No. APFS was optimized for flash (NAND) SSDs. In other words, it was designed to fully utilize the capabilities of an SSD to provide better performance. It wasn't implemented to prolong the life of an SSD.

In most respects, the life will be shortened. Why? Increased write operations for

  • Encryption
  • Snapshots
  • Metadata

None of that matters however, because based on the calculated life expectancy of an SSD, you will run out of capacity, long before it dies from usage. In other words, it's a moot point.

What other advantages/disadvantages it might bring?

This is entirely opinionated question. However, one thing to keep in mind is the initial premise of the answer - APFS was designed for SSDs. Meaning it wasn't designed for traditional spinning hard disks. Quite frankly, I've never upgraded a file system and thought "gee...this new feature is a disadvantage."

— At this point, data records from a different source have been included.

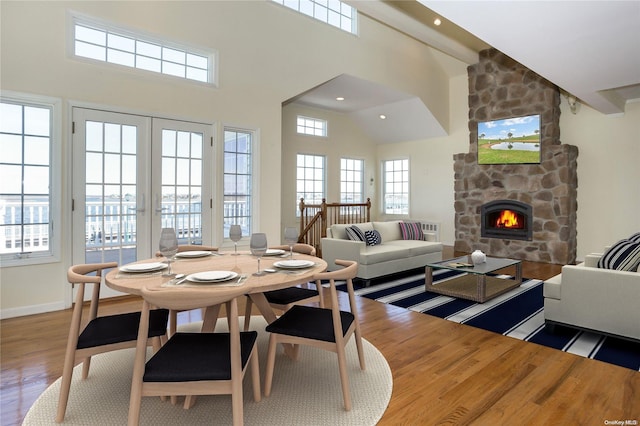 dining room featuring a stone fireplace, wood-type flooring, and a towering ceiling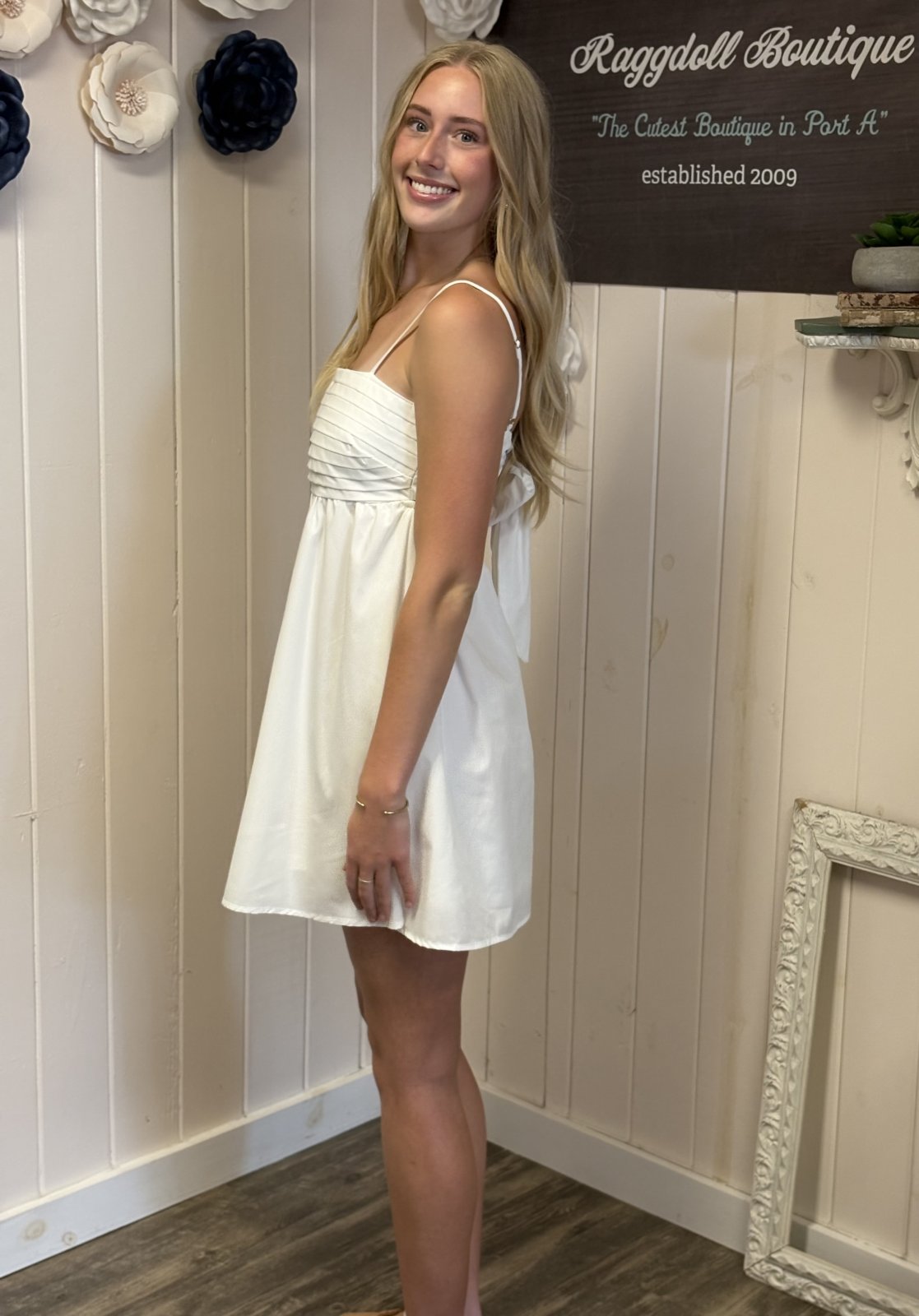 Off-white pleated dress with chic cut-out back, perfect for beach outings. Available at Raggdoll Boutique in Port Aransas.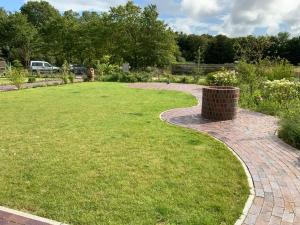 Una pasarela de ladrillo en un jardín con un cubo de basura en Austernfischer, en Büsum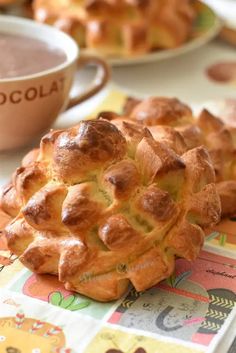 there is a pastry on the table next to a cup of hot chocolate and other food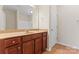 Bathroom with wood vanity, beige countertop, framed mirror, and tiled floor at 3104 Streamhaven Dr, Indian Land, SC 29707
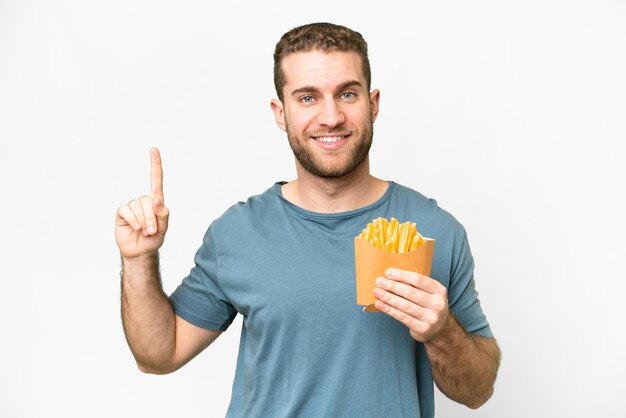 Joven hombre rubio guapo sosteniendo papas fritas sobre un fondo blanco aislado que señala una gran idea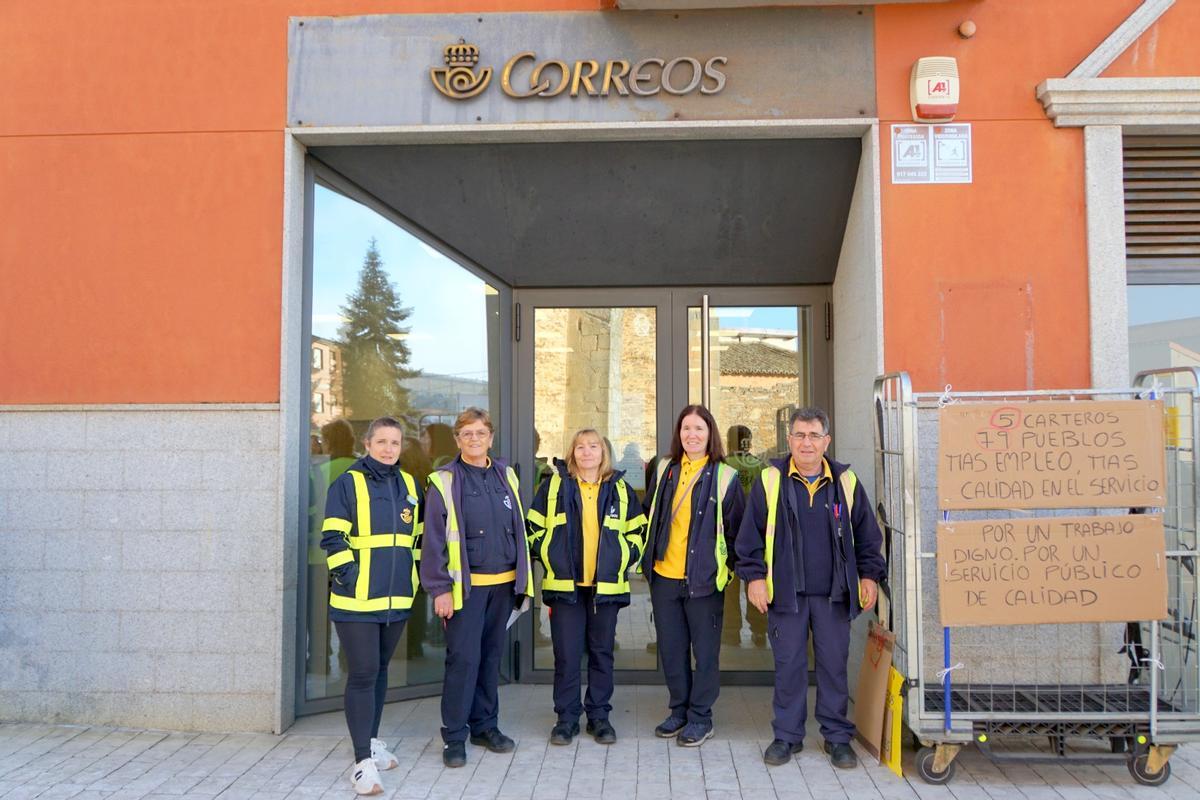 Los cinco carteros de Aliste posan en la sede junto a carteles reivindicativos.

So, a better way to look at this is the advantages/disadvantages of running APFS on spinning disks versus SSDs.

For example, APFS on an SSD has encryption at it's core rather than another layer on top of the file system so, it's faster and more secure (advantage). On a spinning drive, this results in more read/writes on the physical media meaning slower performance, higher overhead, and shorter lifespan (disadvantage).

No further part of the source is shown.